Un vero peccato, perché appare chiaro come ci sia un netto scostamento tra le intenzioni e le idee di Claudio Noce e il risultato finale. Molto più centrato invece lo scopo di mantenere una coerenza di fondo nel punto di vista della narrazione. Tutto ciò che vediamo, tutto ciò che sentiamo è filtrato attraverso il vissuto e le emozioni di Valerio. Fatta eccezione per una singola sequenza – tra l’altro, una delle più efficaci del film – che comunica in maniera intensa ed efficace sensazioni di paura e pericolo imminente. Il punto di vista, qui, è quello di Alfonso, alla guida della sua macchina in Calabria durante una gita di famiglia. Pierfrancesco Favino riesce in una sola scena a comunicare solo con l’espressione del volto e i movimenti nervosi tutta la paura – concreta, reale – del suo personaggio.
Pierfrancesco Favino e Mattia Garaci – Padrenostro, la recensione
Ancora una volta Pierfrancesco Favino conferma di essere un eccezionale trasformista e un interprete versatile e sempre in parte. A confronto con una prova non facile, Favino riesce a dare intensità alla sua performance, restituendo il ritratto profondo e complesso di un padre. Un uomo che per l’opinione pubblica è un eroe, per i terroristi un male da estirpare e per suo figlio la figura di riferimento per eccellenza. Ma la vera sorpresa di Padrenostro è il giovanissimo Mattia Garaci, spesso addirittura in grado di rubare la scena allo stesso Favino.

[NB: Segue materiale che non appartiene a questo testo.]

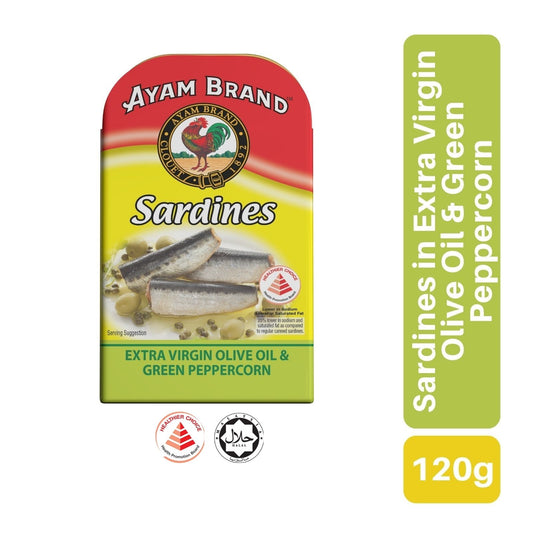 Ayam Brand Sardines In E/V Olive Oil & Green Peppercorn 120g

Garaci ha un’espressività naturale e delicata, nei tratti del volto e nei movimenti e riesce ad essere intenso e credibile anche nelle sequenze più difficili. Una di queste si svolge ancora una volta in macchina, in una galleria. Valerio è in viaggio da Roma verso la Calabria con la sua famiglia quando è colto da un attacco di panico. Mattia Garaci è talmente bravo e convincente che per un momento l’aria sembra mancare anche a chi assiste alla scena dalla sala. Concludiamo la nostra recensione promuovendo Padrenostro, anche se con qualche riserva. Claudio Noce confeziona un’opera personale, intima e ambiziosa – tanto ambiziosa da non riuscire sempre a stare al passo con gli intenti iniziali e finisce, almeno in parte, per deludere le aspettative.
Padrenostro
Voto - 6.5
6.5
Lati positivi
- Pierfrancesco Favino è una garanzia
- La prova del giovanissimo Mattia Garaci
Lati negativi
- Certi espedienti confondono e disorientano lo spettatore
L’idea è molto interessante ma la regia non convince. In alcuni momenti sembra l’opera prima di un regista che non domina la cinepresa ed il film risulta lento, a volte noioso e solo in pochi tratti inquietante ed emozionante. Certo non è ben costruito e non crea un’atmosfera degna di essere apprezzata.